2.Maximum total net leverage ratio of not greater than, with respect to the prior four fiscal quarters ending on or after March 31, 2022, 4.00 to 1.00.  Total net leverage ratio is defined as total debt less cash on hand (up to the lesser of 10% of credit limit or $150 million) divided by consolidated EBITDAX for the last four consecutive quarters.  EBITDAX, as defined in the credit agreement governing the Company’s 2022 credit facility, excludes the effects of interest expense, depreciation, depletion and amortization, income tax, any non-cash impacts from impairments, certain non-cash hedging activities, stock-based compensation expense, non-cash gains or losses on asset sales, unamortized issuance cost, unamortized debt discount and certain restructuring costs. 
The 2022 credit facility contains customary events of default that include, among other things, the failure to comply with the financial covenants described above, non-payment of principal, interest or fees, violation of covenants, inaccuracy of representations and warranties, bankruptcy and insolvency events, material judgments and cross-defaults to material indebtedness. If an event of default occurs and is continuing, all amounts outstanding under the 2022 credit facility may become immediately due and payable. As of September 30, 2023, the Company was in compliance with all of the covenants of the credit agreement in all material respects.

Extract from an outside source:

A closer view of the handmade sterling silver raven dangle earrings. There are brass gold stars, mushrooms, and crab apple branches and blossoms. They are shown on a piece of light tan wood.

Currently, each United States domestic subsidiary of the Company for which the Company owns 100% of its equity guarantees the 2022 credit facility. Pursuant to requirements under the indentures governing its senior notes, each subsidiary that becomes a guarantor of the 2022 credit facility also must become a guarantor of each of the Company’s senior notes.
Certain features of the facility depend on whether Southwestern has obtained any of the following ratings:
An unsecured long-term debt credit rating (an “Index Debt Rating”) of BBB- or higher with S&P;
An Index Debt Rating of Baa3 or higher with Moody’s; or
An Index Debt Rating of BBB- or higher with Fitch (each of the foregoing an “Investment Grade Rating”).
Upon receiving one Investment Grade Rating from either S&P or Moody’s and delivering a certification to the administrative agent (the period beginning at such time, an “Interim Investment Grade Period”), amongst other changes, the following occurs:
The Guarantors may be released from their guarantees;
The collateral under the facility will be released;
The facility will no longer be subject to a borrowing base; and
Certain title and collateral-related covenants will no longer be applicable.
During the Interim Investment Grade Period, the Company will be required to maintain compliance with the existing financial covenants as well as a PV-9 coverage ratio of the net present value, discounted at 9% per annum, of the estimated future net revenues expected in the proved reserves to the Company’s total indebtedness as of such date of not less than 1.50 to 1.00 (“PV-9 Coverage Ratio”). In addition, during an Interim Investment Grade Period or Investment Grade Period (as defined below), term SOFR loans will bear interest at term SOFR plus an applicable rate ranging from 1.25% to 1.875%, depending on the Company’s Index Debt Rating (as defined in the 2022 credit facility), plus an additional 0.10% credit spread adjustment. Base rate loans will bear interest at the base rate described above plus an applicable rate ranging from 0.25% to 0.875%, depending on the Company’s Index Debt Rating. During an Interim Investment Grade Period or Investment Grade Period (defined below), the commitment fee on unused commitment amounts under the facility will range from 0.15% to 0.275%, depending on the Company’s Index Debt Rating.
The Interim Investment Grade Period will end, and the facility will revert to its characteristics prior to the Interim Investment Grade Period, including being guaranteed by the Guarantors, being secured by collateral and being subject to a borrowing base, having applicable margins and commitment fee determined based on percentage of commitments utilized, as well as limited to compliance with the leverage ratio and current ratio financial covenants but not the PV-9 Coverage Ratio if both of the following are achieved during the Interim Investment Grade Period:
An Index Debt Rating from Moody’s that is Ba2 or lower; and
An Index Debt Rating from S&P that is BB or lower.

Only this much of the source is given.